U.S. Supreme Court Church v. Kelsey, 121 U.S. 282 (1887)
Church v. Kelsey
Submitted March 28, 1887
Decided April 18, 1887
121 U.S. 282
ERROR TO THE SUPREME COURT
OF THE STATE OF PENNSYLVANIA
The Constitution of the United States does not prevent a state from giving to its courts of equity power to hear and determine a suit brought by the holder of an equitable interest in land to establish his rights against the holder of the legal title.
A state constitution is not a contract within the meaning of that clause of the Constitution of the United states which prohibits the states from passing laws impairing the obligation of contracts.
This was a motion to dismiss, to which was united a motion to affirm. The case is stated in the opinion of the Court.
MR. CHIEF JUSTICE WAITE delivered the opinion of the Court.

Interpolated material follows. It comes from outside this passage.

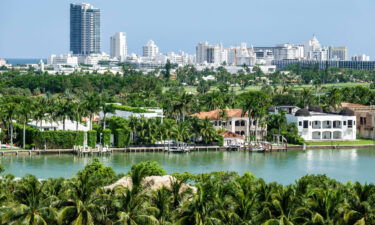 Miami Beach waterfront homes by Biscayne Bay surrounded by palms.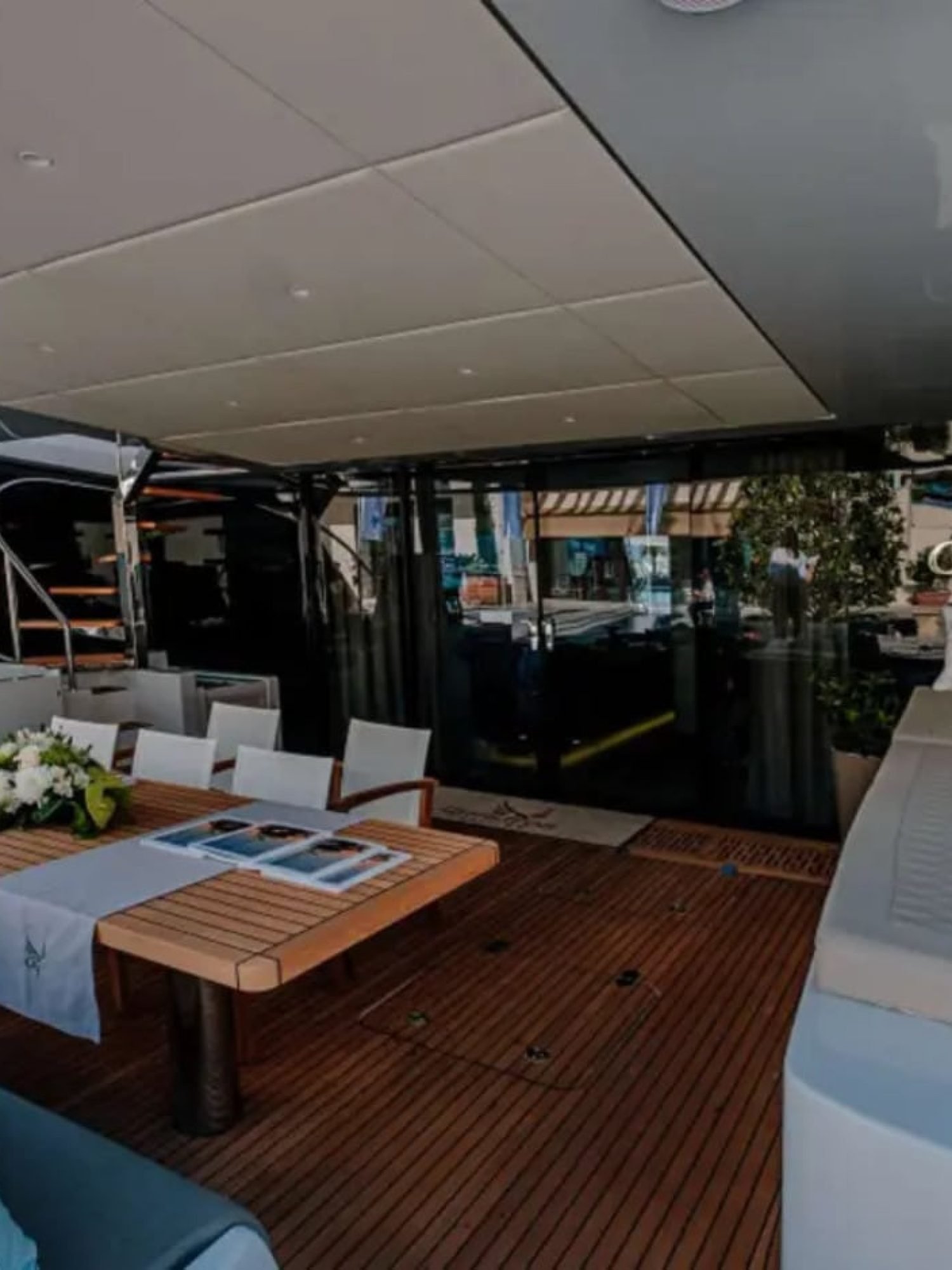 A spacious and stylish interior of the Sunreef 60 yacht, featuring modern decor and high-end finishes.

If we understand correctly the questions on which it is claimed our jurisdiction in this case rests, they are: 1. that the provision in § 1, Art. XIV, of the amendments of the Constitution of the United States that a state shall not "deprive any person of life, liberty, or property without due process of law" prevents the State of Pennsylvania from giving jurisdiction to a court of equity of a suit brought by the
owner of an equitable interest in land to establish his rights against the holder of the legal title, because it deprives the holder of the legal title of the right to a trial by jury, which he would have in a suit at law, and 2. that, as the constitution of a state is the "fundamental contract made between the collective body of citizens of the state and each individual citizen," a state statute which violates a state constitution is a "law impairing the obligation of contracts" within the meaning of that term as used in Art. I, ยง 10, clause 1, of the Constitution of the United States.
It sufficiently appears from the record that the first of these questions was actually presented to and decided by the court below adversely to the claim of the plaintiffs in error. That is sufficient to give us jurisdiction, but the decision was so clearly right that it is unnecessary to keep the case here for further argument. Certainly the provision of the Constitution referred to cannot have the effect of taking away from the states the power of giving a court of equity jurisdiction in cases requiring equitable relief. It may be true that in Pennsylvania, "equity powers have been doled out to the courts by the legislature with a sparing hand," but there is nothing in the Constitution of the United States which requires that this should always be so. The suit of which complaint is made in this case was brought to establish a trust in the holder of the legal title, which from time immemorial has been a proper subject of chancery jurisdiction. It is useless to contend that the Constitution of the United States prevents any state from giving a court of equity the power to hear and determine such a case. This has not been doubted in the courts of Pennsylvania, as we understand. North Penn. Coal Co. v. Snowden, 42 Penn.St. 488, 492.
We cannot find that the other question was actually presented to the state court for decision. Certainly it cannot be found in the record in the form it has been stated in the brief of counsel here. But if it had been, no argument would be needed to show that the objection was not well taken. A state constitution is not a contract within the meaning of that
clause of the Constitution of the United States which prohibits the states from passing laws impairing the obligation of contracts. It is the fundamental law adopted by the people for their government in a state of the United States, and as such it may be construed and carried into effect by the courts of the state, without review by this Court, except in cases where what is done comes, or is supposed to come, in conflict with the Constitution of the United States. Such is not the claim here, the only question under this branch of the case being whether the statute giving jurisdiction to the court of equity in the suit under which the defendants in error claim title is in violation of the constitution of the state.
The motion to dismiss is overruled and that to affirm granted.